Three generations of the Hart men (from left): Robin, Knox, Ian and David. Knox is wearing Sir Byrne Hart’s medals (Morris, Ian and Robin’s father).
Three generations of the Hart men (from left): Robin, Knox, Ian and David. Knox is wearing Sir Byrne Hart’s medals (Morris, Ian and Robin’s father). Contributed

Hart family remembers

EVERY Anzac Day, Brisbane’s Church of England Grammar School (Churchie) community gathers to commemorate the ‘old boys’ who lost their lives in serving their country.

Highlight of the service is the honour board reading and an Australian flag is placed in the ground in remembrance of each old boy who paid the ultimate sacrifice.

This year marked a special event for the Hart family of Upper Kandanga, especially Ian Hart whose grandson Knox – the son of David and Susannah Hart – is a Churchie senior who had the honour of placing the flag for his great uncle Lieutenant Morris David Byrne Hart.

The name Morris Hart has not been kind to the Hart family, as three generations carrying the name have died in connection to war, before reaching 22 years.

The first Morris was killed in a diving accident in the Brisbane River in 1888. His brother called his first born twin Morris in his memory.

This Morris was killed at 10am on October 4, 1917, in the Battle of Passchendaele, two days short of 22 years.

“Then my father (Sir Byrne Hart) called his first born Morris, in memory of his twin. He died in New Guinea at Goroka on December 23, 1945, aged 22,” Ian Hart said.

This was Morris David Byrne Hart, born May 3, 1923. He went to Churchie as a boarder and left in 1940. On May 26, 1942, Morris enlisted in the AIF, aged 19 and was soon deployed to New Guinea. Returning to Australia, he underwent further training and an officer’s course, securing his commission as a Lieutenant.

On his second deployment to New Guinea, Morris joined the Pacific Island Infantry Regiment working in the highlands with native troops, stationed at Garoka. He was tragically killed in a jeep accident on December 23, 1945. The war was over but Morris had elected to stay behind to move the last of the regiment’s equipment while awaiting transfer home.

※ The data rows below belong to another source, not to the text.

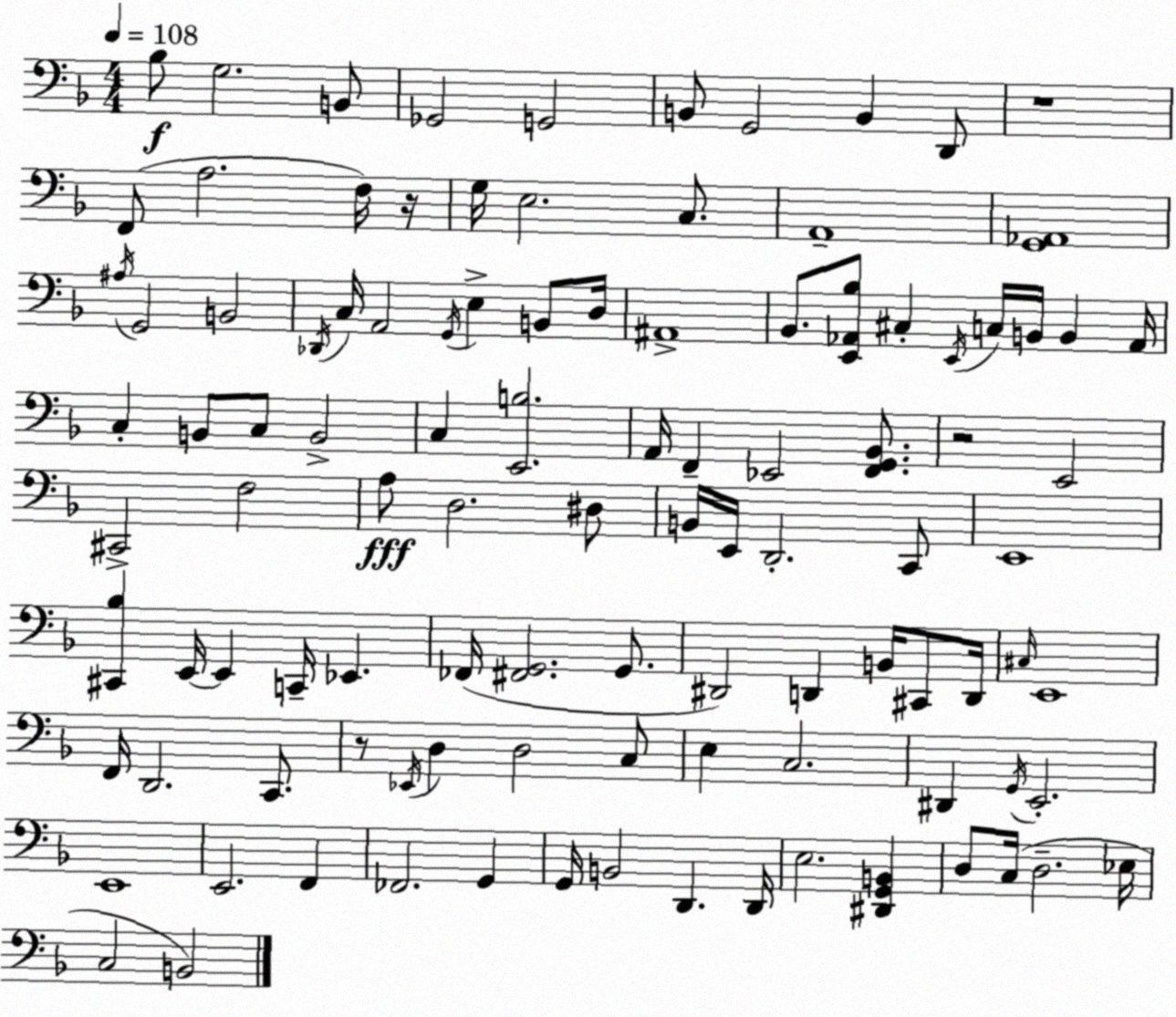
X:1
T:Untitled
M:4/4
L:1/4
K:Dm
_B,/2 G,2 B,,/2 _G,,2 G,,2 B,,/2 G,,2 B,, D,,/2 z4 F,,/2 A,2 F,/4 z/4 G,/4 E,2 C,/2 A,,4 [G,,_A,,]4 ^A,/4 G,,2 B,,2 _D,,/4 C,/4 A,,2 G,,/4 E, B,,/2 D,/4 ^A,,4 _B,,/2 [E,,_A,,_B,]/2 ^C, E,,/4 C,/4 B,,/4 B,, _A,,/4 C, B,,/2 C,/2 B,,2 C, [E,,B,]2 A,,/4 F,, _E,,2 [F,,G,,_B,,]/2 z2 E,,2 ^C,,2 F,2 A,/2 D,2 ^D,/2 B,,/4 E,,/4 D,,2 C,,/2 E,,4 [^C,,_B,] E,,/4 E,, C,,/4 _E,, _F,,/4 [^F,,G,,]2 G,,/2 ^D,,2 D,, B,,/4 ^C,,/2 D,,/4 ^C,/4 E,,4 F,,/4 D,,2 C,,/2 z/2 _E,,/4 D, D,2 C,/2 E, C,2 ^D,, G,,/4 E,,2 E,,4 E,,2 F,, _F,,2 G,, G,,/4 B,,2 D,, D,,/4 E,2 [^D,,G,,B,,] D,/2 C,/4 D,2 _E,/4 C,2 B,,2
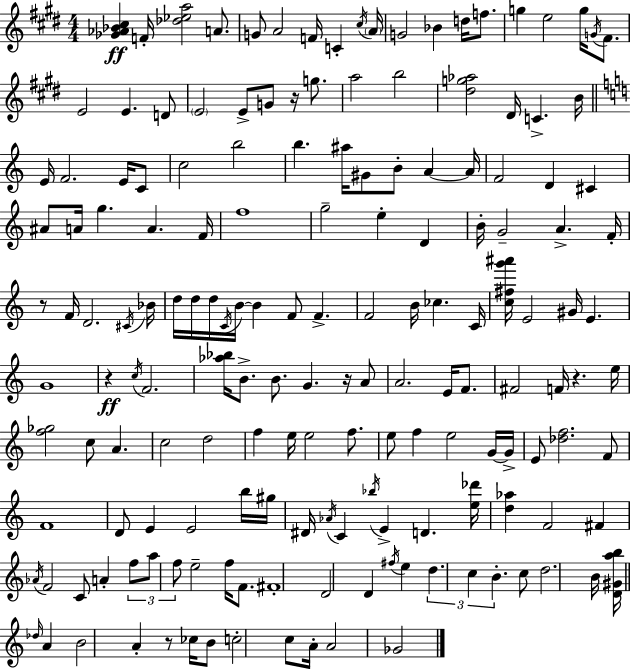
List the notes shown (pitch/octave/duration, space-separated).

[Gb4,Ab4,Bb4,C#5]/q F4/s [Db5,Eb5,A5]/h A4/e. G4/e A4/h F4/s C4/q C#5/s A4/s G4/h Bb4/q D5/s F5/e. G5/q E5/h G5/s G4/s F#4/e. E4/h E4/q. D4/e E4/h E4/e G4/e R/s G5/e. A5/h B5/h [D#5,G5,Ab5]/h D#4/s C4/q. B4/s E4/s F4/h. E4/s C4/e C5/h B5/h B5/q. A#5/s G#4/e B4/e A4/q A4/s F4/h D4/q C#4/q A#4/e A4/s G5/q. A4/q. F4/s F5/w G5/h E5/q D4/q B4/s G4/h A4/q. F4/s R/e F4/s D4/h. C#4/s Bb4/s D5/s D5/s D5/s C4/s B4/s B4/q F4/e F4/q. F4/h B4/s CES5/q. C4/s [C5,F#5,G6,A#6]/s E4/h G#4/s E4/q. G4/w R/q C5/s F4/h. [Ab5,Bb5]/s B4/e. B4/e. G4/q. R/s A4/e A4/h. E4/s F4/e. F#4/h F4/s R/q. E5/s [F5,Gb5]/h C5/e A4/q. C5/h D5/h F5/q E5/s E5/h F5/e. E5/e F5/q E5/h G4/s G4/s E4/e [Db5,F5]/h. F4/e F4/w D4/e E4/q E4/h B5/s G#5/s D#4/s Ab4/s C4/q Bb5/s E4/q D4/q. [E5,Db6]/s [D5,Ab5]/q F4/h F#4/q Ab4/s F4/h C4/e A4/q F5/e A5/e F5/e E5/h F5/s F4/e. F#4/w D4/h D4/q F#5/s E5/q D5/q. C5/q B4/q. C5/e D5/h. B4/s [D4,G#4,A5,B5]/s Db5/s A4/q B4/h A4/q R/e CES5/s B4/e C5/h C5/e A4/s A4/h Gb4/h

Morris was buried in the Lae War Cemetery which is commemorated in perpetuity by the Commonwealth War Graves Commission.

“When my brother’s personal effects were returned, we found in the wallet he was carrying, an old newspaper cutting of the actual death notice posted of his Uncle Morris’ death at Passchendaele 4-10-1917,” Mr Hart said.

“One wonders what premonition moved my brother, the third Morris, to carry this notice relating to his uncle’s untimely death.